What are the top Java interview questions candidates should prepare for?

I’m preparing for upcoming technical rounds and want to understand the kind of top Java interview questions that are frequently asked. Do interviewers mainly focus on concepts like OOP principles, clean coding, and design patterns, or do they emphasize hands-on experience such as building and testing real-world Java applications?

From my 5+ years of interviewing Java developers, I’ve noticed that most discussions still begin with the fundamentals. The top java interview questions almost always revolve around core concepts because they reveal how strong your foundation is.

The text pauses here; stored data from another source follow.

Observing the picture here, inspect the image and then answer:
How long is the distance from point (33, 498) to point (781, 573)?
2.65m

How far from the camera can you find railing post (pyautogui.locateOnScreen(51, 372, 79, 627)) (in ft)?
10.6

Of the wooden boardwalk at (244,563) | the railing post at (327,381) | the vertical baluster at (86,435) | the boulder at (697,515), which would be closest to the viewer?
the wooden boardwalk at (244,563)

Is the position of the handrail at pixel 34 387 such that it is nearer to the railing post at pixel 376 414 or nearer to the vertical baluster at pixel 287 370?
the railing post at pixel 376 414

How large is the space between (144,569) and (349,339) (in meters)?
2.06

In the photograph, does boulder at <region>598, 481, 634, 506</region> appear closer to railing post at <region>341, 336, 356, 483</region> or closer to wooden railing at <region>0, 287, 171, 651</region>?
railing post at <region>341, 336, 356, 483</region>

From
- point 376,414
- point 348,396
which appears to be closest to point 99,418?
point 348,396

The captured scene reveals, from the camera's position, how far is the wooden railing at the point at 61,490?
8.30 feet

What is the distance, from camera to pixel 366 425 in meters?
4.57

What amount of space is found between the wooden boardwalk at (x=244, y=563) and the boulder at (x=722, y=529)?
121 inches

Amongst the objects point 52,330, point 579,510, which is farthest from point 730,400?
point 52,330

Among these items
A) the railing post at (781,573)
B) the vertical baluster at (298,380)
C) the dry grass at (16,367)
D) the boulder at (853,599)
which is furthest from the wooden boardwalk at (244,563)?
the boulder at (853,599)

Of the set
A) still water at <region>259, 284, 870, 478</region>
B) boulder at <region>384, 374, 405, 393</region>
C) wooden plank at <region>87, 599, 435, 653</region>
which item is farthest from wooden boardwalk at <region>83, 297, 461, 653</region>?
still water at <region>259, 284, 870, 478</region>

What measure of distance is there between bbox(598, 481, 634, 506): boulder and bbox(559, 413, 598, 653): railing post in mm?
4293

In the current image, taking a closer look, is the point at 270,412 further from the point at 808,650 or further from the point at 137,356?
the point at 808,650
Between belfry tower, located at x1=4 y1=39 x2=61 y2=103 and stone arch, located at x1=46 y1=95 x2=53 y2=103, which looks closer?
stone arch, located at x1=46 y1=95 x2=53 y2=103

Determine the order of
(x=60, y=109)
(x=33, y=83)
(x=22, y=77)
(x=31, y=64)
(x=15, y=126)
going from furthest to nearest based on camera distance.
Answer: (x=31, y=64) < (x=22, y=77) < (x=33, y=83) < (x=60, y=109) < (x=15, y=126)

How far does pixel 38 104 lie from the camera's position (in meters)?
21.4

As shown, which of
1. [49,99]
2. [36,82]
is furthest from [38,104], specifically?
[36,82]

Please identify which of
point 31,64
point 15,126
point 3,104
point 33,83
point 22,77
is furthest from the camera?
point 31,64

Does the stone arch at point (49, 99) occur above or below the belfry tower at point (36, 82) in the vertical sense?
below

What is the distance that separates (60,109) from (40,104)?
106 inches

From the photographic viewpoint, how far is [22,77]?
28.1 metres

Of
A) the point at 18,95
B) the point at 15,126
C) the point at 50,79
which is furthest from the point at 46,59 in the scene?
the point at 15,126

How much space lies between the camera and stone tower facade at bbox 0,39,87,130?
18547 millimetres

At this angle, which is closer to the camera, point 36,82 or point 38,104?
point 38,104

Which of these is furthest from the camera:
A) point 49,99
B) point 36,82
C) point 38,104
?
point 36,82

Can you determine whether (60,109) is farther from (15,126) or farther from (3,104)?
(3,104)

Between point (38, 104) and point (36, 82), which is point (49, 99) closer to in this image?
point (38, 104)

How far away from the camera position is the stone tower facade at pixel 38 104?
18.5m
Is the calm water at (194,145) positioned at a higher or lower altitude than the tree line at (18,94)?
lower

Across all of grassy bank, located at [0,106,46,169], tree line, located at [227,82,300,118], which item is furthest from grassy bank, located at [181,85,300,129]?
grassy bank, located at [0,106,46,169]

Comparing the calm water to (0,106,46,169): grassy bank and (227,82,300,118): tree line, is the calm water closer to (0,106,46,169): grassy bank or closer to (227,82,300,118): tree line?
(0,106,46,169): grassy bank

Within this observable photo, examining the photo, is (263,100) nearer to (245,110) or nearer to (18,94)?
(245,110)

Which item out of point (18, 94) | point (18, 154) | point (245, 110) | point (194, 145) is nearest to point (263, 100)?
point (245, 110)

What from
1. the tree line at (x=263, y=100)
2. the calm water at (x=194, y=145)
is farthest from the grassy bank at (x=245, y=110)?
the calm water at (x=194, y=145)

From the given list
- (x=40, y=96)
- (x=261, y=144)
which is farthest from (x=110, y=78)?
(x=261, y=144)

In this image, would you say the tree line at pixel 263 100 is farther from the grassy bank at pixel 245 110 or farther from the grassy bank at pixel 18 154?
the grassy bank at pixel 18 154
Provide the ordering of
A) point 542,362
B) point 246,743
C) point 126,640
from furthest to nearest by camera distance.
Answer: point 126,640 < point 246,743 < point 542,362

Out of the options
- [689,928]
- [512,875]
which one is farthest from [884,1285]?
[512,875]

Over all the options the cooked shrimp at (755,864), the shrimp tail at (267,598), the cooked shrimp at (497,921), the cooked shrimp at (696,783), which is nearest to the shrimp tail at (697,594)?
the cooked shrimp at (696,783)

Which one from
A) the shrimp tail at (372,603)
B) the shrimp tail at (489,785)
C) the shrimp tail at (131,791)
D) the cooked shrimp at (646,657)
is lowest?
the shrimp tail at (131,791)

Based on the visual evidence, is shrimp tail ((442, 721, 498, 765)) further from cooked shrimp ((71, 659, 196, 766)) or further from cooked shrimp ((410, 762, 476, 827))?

Expect areas like:

  • OOP principles (Encapsulation, Inheritance, Polymorphism, Abstraction)
  • Exception handling and custom exceptions
  • Collections Framework, generics, and internal workings like HashMap vs Hashtable
  • Multithreading basics and synchronization
  • Java memory model, stack vs heap, and garbage collection

The key is not just defining these concepts, but explaining how you’ve applied them in real projects."

Adding to what @Rashmihasija said, once the basics are clear, interviewers dig into how you actually code. In my experience, the top Java interview questions today focus heavily on writing clean, efficient, and testable code. You may face tasks like:

  • Optimizing logic and improving time complexity
  • Using Streams, Lambdas, and functional-style programming
  • Writing JUnit/Mockito test cases with proper coverage
  • Ensuring thread safety and immutability in concurrent code
  • Refactoring legacy code for maintainability

So, it’s not just what you know, but how you structure and defend your code decisions.

And once you move into mid or senior roles, the conversation shifts from coding to how you design systems. The top java interview questions at this level usually revolve around architecture, scalability, and real-world problem-solving. Interviewers may explore:

  • When and why to use design patterns (Factory, Builder, Strategy, etc.)
  • Dependency Injection, IoC, and Spring Boot best practices
  • Building and consuming REST APIs, handling persistence with JPA/Hibernate
  • JVM internals, memory leaks, performance tuning, and profiling
  • Dealing with production challenges like deadlocks, latency, or scaling microservices

At this level, they want to see if you can think beyond code can you build something stable, scalable, and debuggable in real-world conditions?"